## Short descriptive text snippets
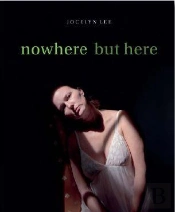 Jocelyn Lee Nowere But Here /Anglais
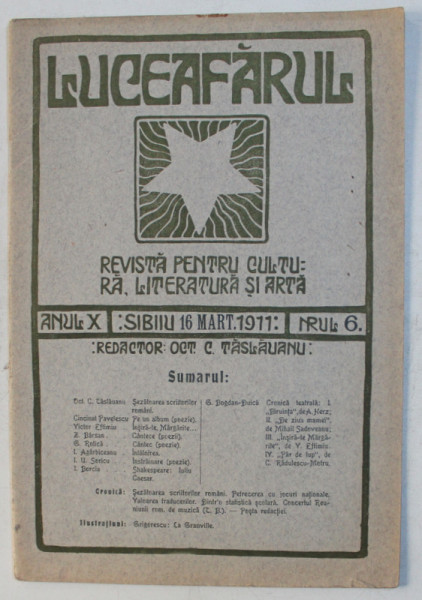 ' LUCEAFARUL '  - REVISTA PENTRU CULTURA , LITERATURA SI ARTA , ANUL X , NUMARUL 6 , 16 MARTIE , 1911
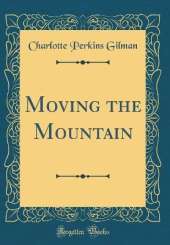 Moving the Mountain (Classic Reprint)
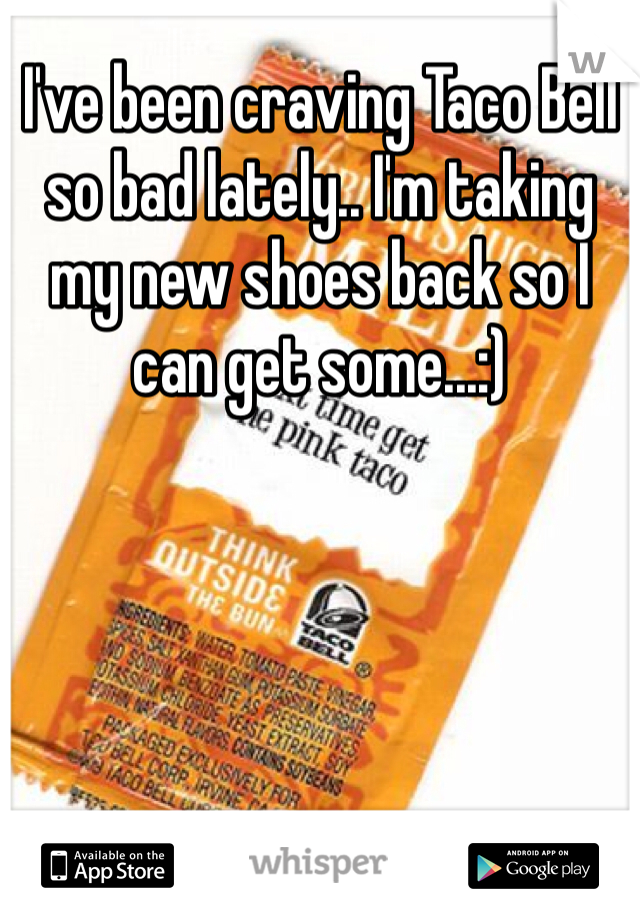 I've been craving Taco Bell so bad lately.. I'm taking my new shoes back so I can get some...:)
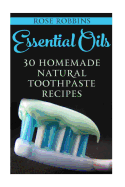 Essential Oils: 30 Homemade Natural Toothpaste Recipes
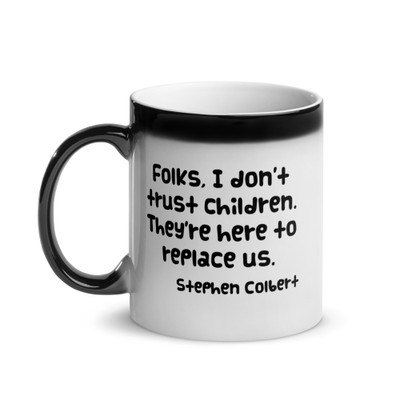Folks, I don't trust children. They're here to replace us. - Stephen Colbert - Glossy Black Magic Mug Funny quotes 7848474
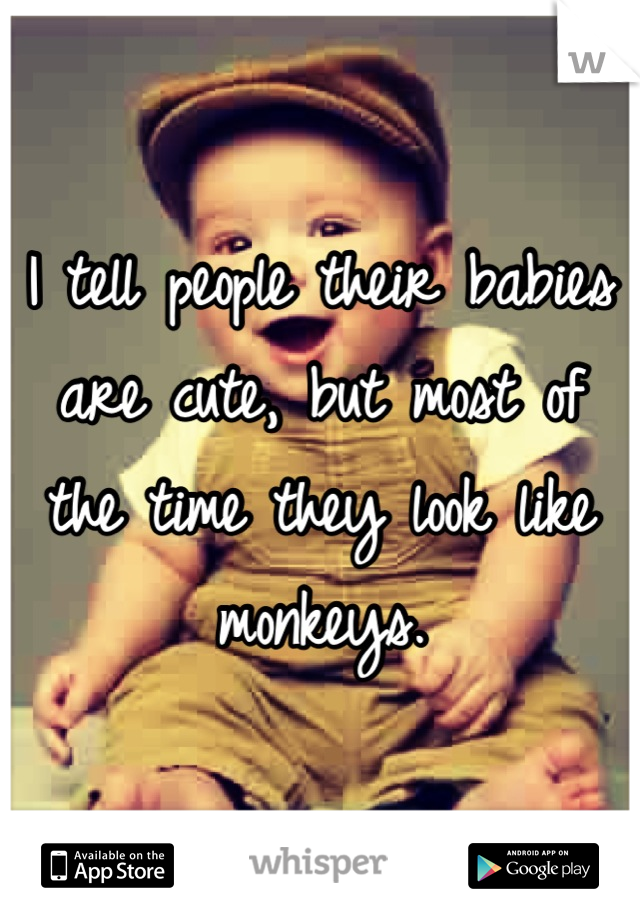 I tell people their babies are cute, but most of the time they look like monkeys.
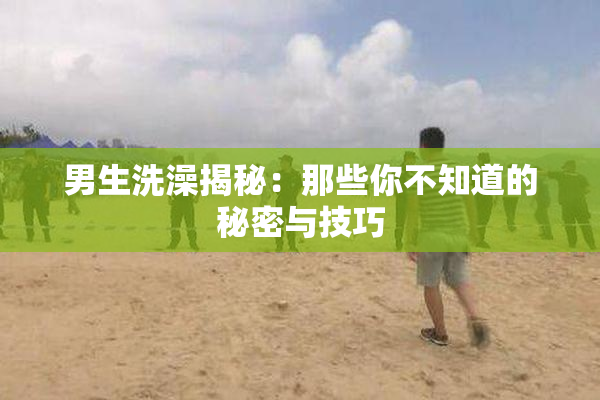 男生洗澡揭秘：那些你不知道的秘密与技巧
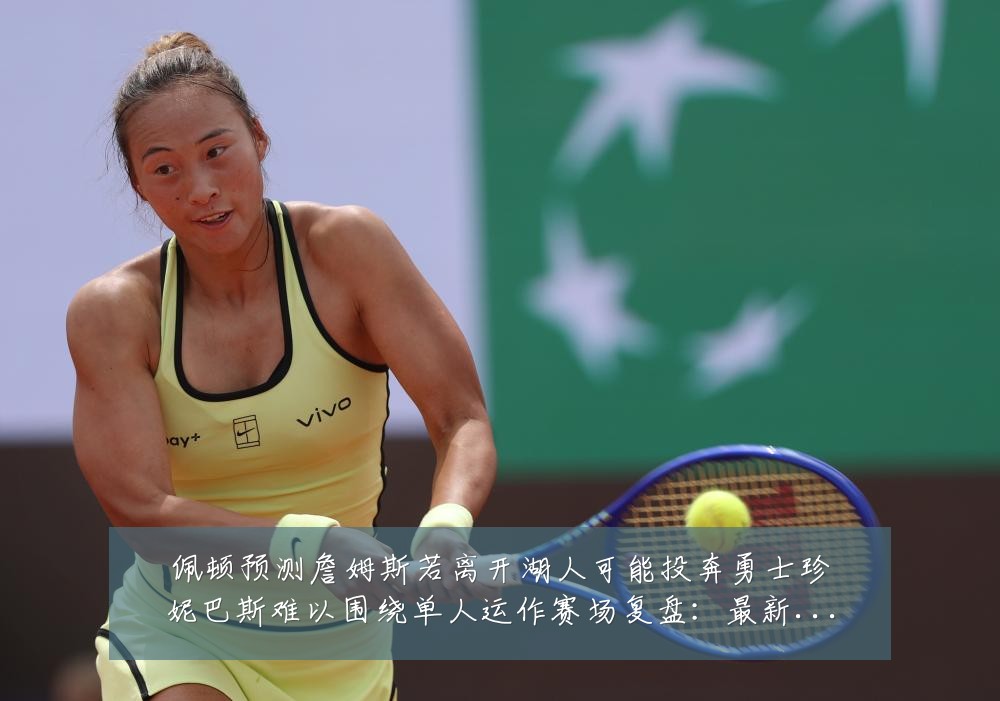 佩顿预测詹姆斯若离开湖人可能投奔勇士珍妮巴斯难以围绕单人运作赛场复盘：最新赛事动态与深度分析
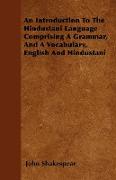 An Introduction to the Hindustani Language Comprising a Grammar, and a Vocabulary, English and Hindustani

## Work order
Only the text of the records belongs in the answer; reproduce it verbatim, with no pictures.

## Answer to the exercise
 Jocelyn Lee Nowere But Here /Anglais
 ' LUCEAFARUL '  - REVISTA PENTRU CULTURA , LITERATURA SI ARTA , ANUL X , NUMARUL 6 , 16 MARTIE , 1911
 Moving the Mountain (Classic Reprint)
 I've been craving Taco Bell so bad lately.. I'm taking my new shoes back so I can get some...:)
 Essential Oils: 30 Homemade Natural Toothpaste Recipes
Folks, I don't trust children. They're here to replace us. - Stephen Colbert - Glossy Black Magic Mug Funny quotes 7848474
 I tell people their babies are cute, but most of the time they look like monkeys.
 男生洗澡揭秘：那些你不知道的秘密与技巧
 佩顿预测詹姆斯若离开湖人可能投奔勇士珍妮巴斯难以围绕单人运作赛场复盘：最新赛事动态与深度分析
 An Introduction to the Hindustani Language Comprising a Grammar, and a Vocabulary, English and Hindustani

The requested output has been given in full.